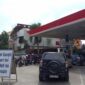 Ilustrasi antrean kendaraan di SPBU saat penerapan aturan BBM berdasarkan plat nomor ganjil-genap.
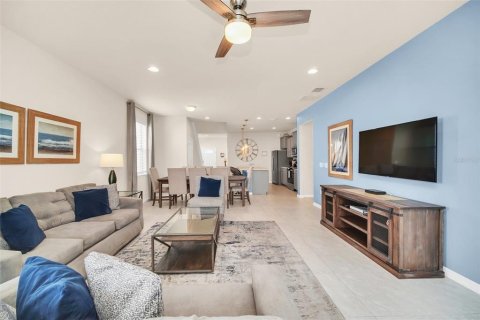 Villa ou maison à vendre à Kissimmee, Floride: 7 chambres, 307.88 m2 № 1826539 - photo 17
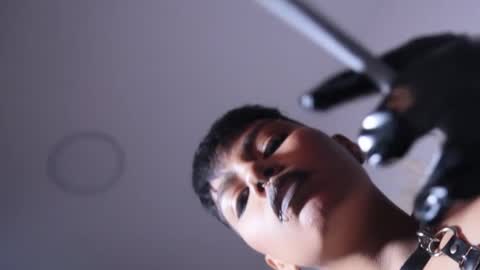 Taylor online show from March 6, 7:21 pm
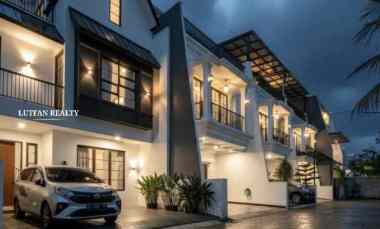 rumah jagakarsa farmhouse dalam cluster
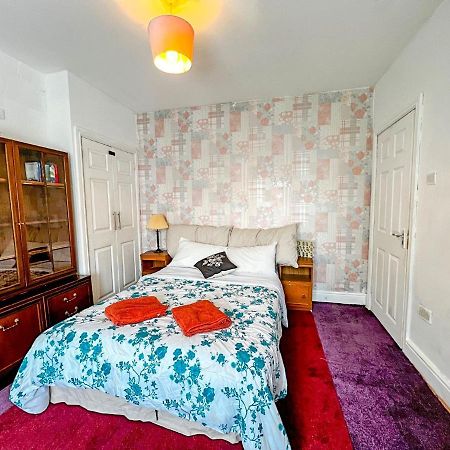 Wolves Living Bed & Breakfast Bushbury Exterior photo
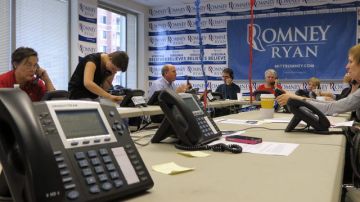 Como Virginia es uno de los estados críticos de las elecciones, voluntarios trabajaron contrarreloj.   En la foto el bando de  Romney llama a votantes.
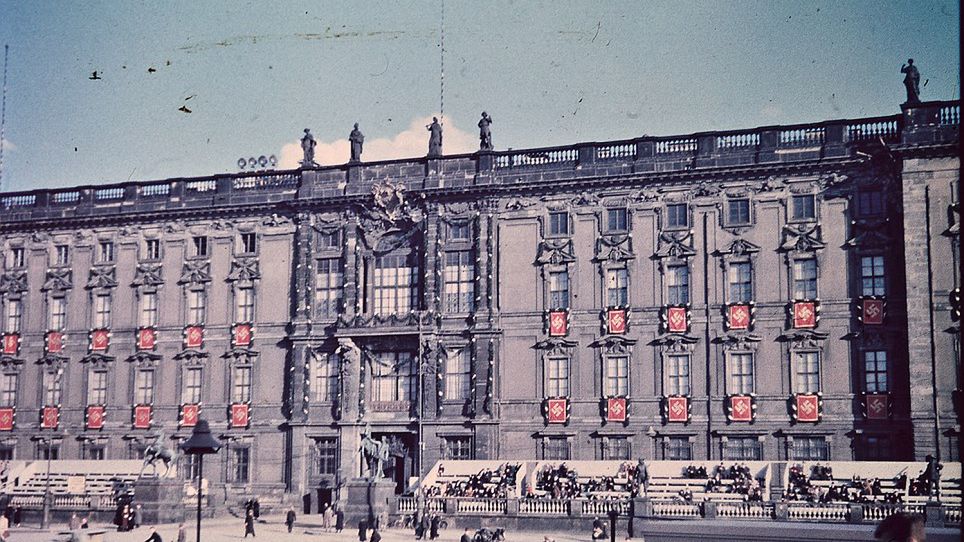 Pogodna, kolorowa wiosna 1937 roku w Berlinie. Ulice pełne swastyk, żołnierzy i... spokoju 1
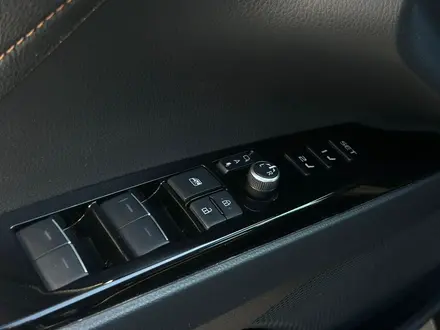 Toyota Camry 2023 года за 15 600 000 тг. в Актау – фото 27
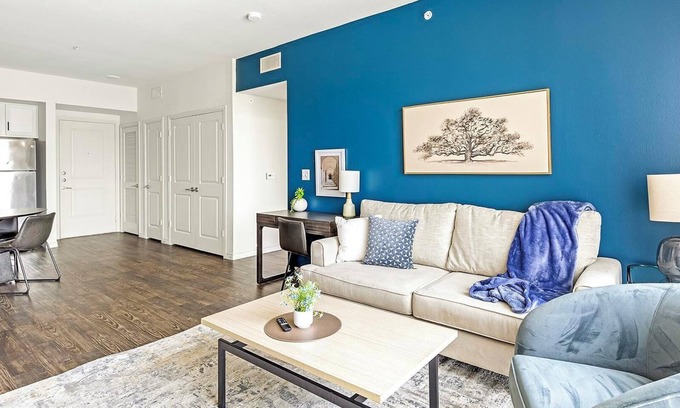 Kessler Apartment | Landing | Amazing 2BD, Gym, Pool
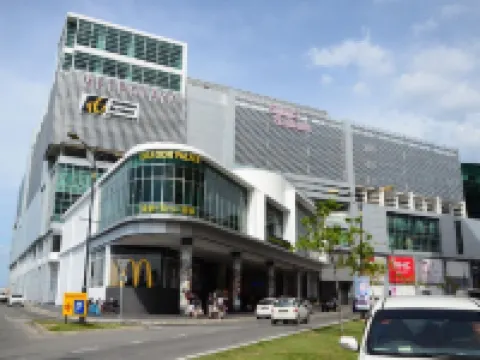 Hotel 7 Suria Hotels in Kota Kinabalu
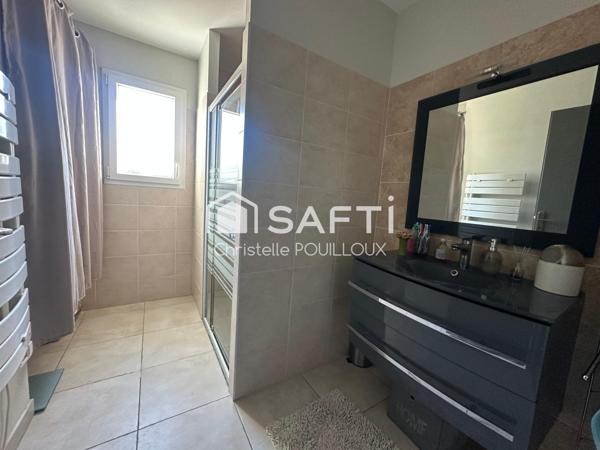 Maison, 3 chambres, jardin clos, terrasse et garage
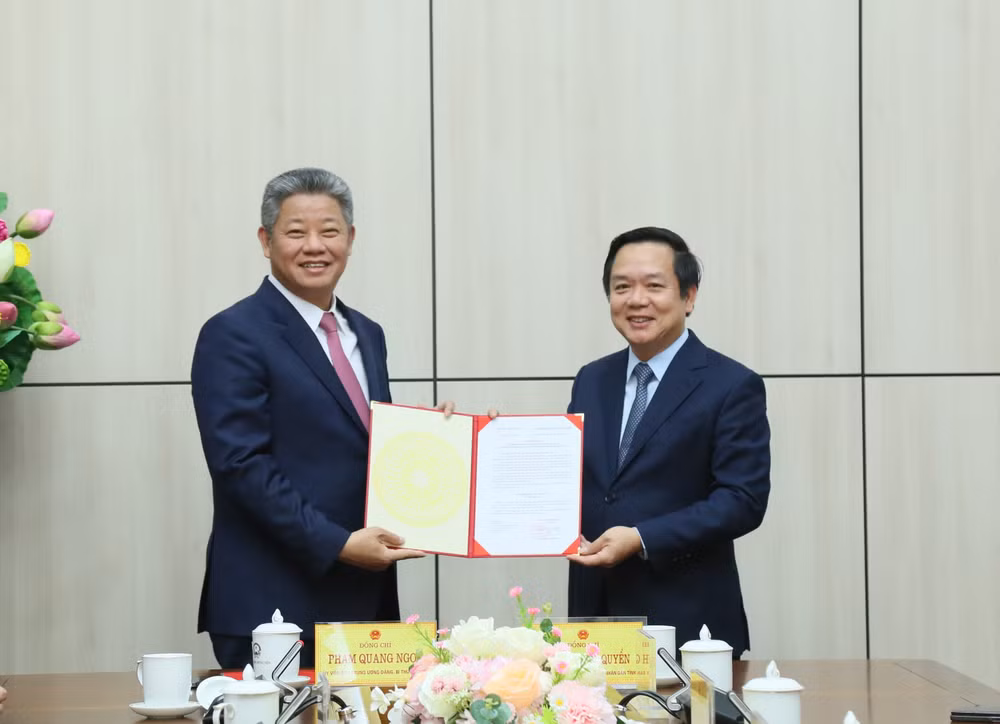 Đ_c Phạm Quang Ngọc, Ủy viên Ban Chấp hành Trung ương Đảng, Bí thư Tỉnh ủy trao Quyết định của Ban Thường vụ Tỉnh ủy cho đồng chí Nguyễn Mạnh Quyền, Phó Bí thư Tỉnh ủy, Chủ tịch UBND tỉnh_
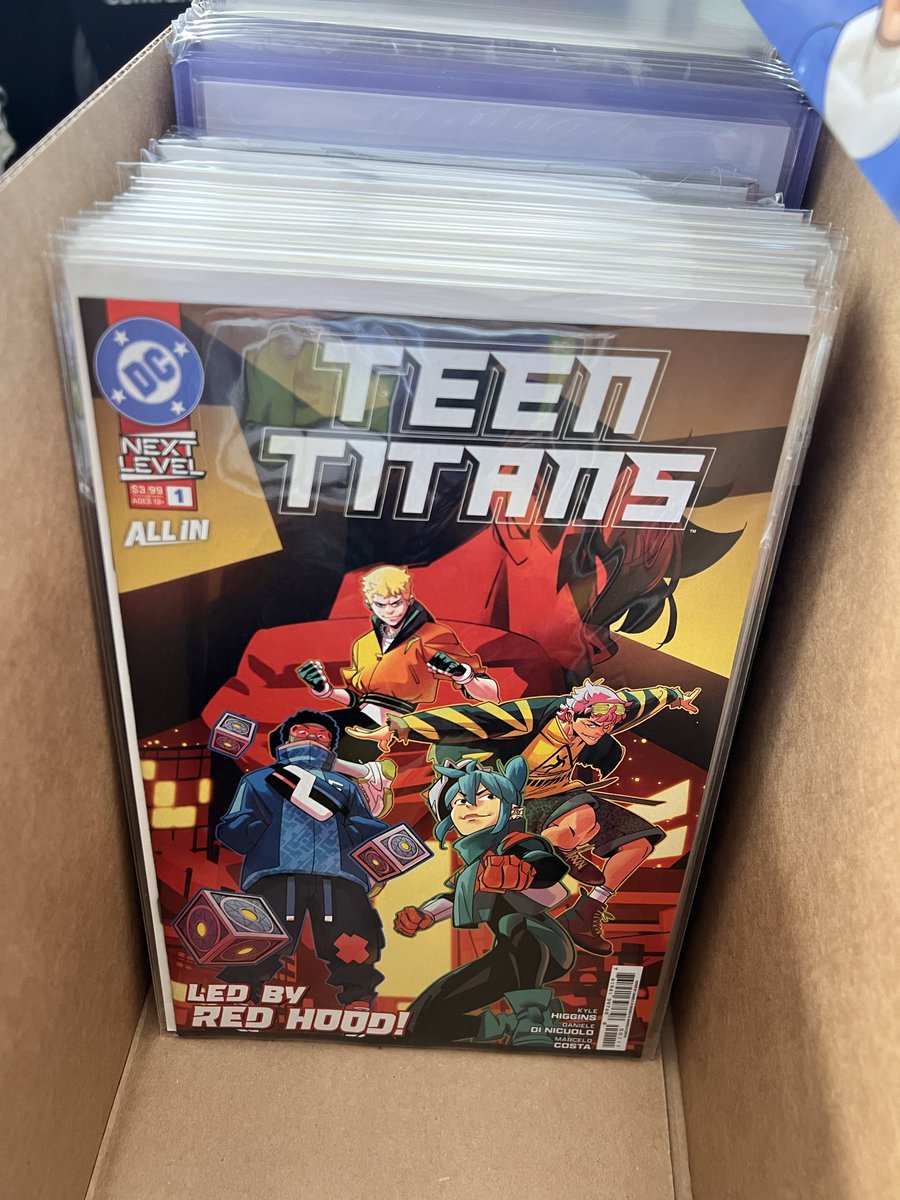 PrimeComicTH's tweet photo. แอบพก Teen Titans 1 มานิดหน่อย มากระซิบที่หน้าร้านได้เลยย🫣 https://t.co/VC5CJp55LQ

---

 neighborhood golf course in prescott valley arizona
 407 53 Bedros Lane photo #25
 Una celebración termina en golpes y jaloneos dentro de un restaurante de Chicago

### WORK REQUIRED
What is needed is an exact copy of the lines above from the one with "Ilustrasi antrean kendaraan" to the one with "PrimeComicTH's tweet photo.", both ends kept, and nothing more; please leave the pictures out.

### EXERCISE RESULT
 Ilustrasi antrean kendaraan di SPBU saat penerapan aturan BBM berdasarkan plat nomor ganjil-genap.
 Villa ou maison à vendre à Kissimmee, Floride: 7 chambres, 307.88 m2 № 1826539 - photo 17
 Taylor online show from March 6, 7:21 pm
 rumah jagakarsa farmhouse dalam cluster
 Wolves Living Bed & Breakfast Bushbury Exterior photo
 Como Virginia es uno de los estados críticos de las elecciones, voluntarios trabajaron contrarreloj.   En la foto el bando de  Romney llama a votantes.
 Pogodna, kolorowa wiosna 1937 roku w Berlinie. Ulice pełne swastyk, żołnierzy i... spokoju 1
 Toyota Camry 2023 года за 15 600 000 тг. в Актау – фото 27
 Kessler Apartment | Landing | Amazing 2BD, Gym, Pool
 Hotel 7 Suria Hotels in Kota Kinabalu
 Maison, 3 chambres, jardin clos, terrasse et garage
 Đ_c Phạm Quang Ngọc, Ủy viên Ban Chấp hành Trung ương Đảng, Bí thư Tỉnh ủy trao Quyết định của Ban Thường vụ Tỉnh ủy cho đồng chí Nguyễn Mạnh Quyền, Phó Bí thư Tỉnh ủy, Chủ tịch UBND tỉnh_
 PrimeComicTH's tweet photo. แอบพก Teen Titans 1 มานิดหน่อย มากระซิบที่หน้าร้านได้เลยย🫣 https://t.co/VC5CJp55LQ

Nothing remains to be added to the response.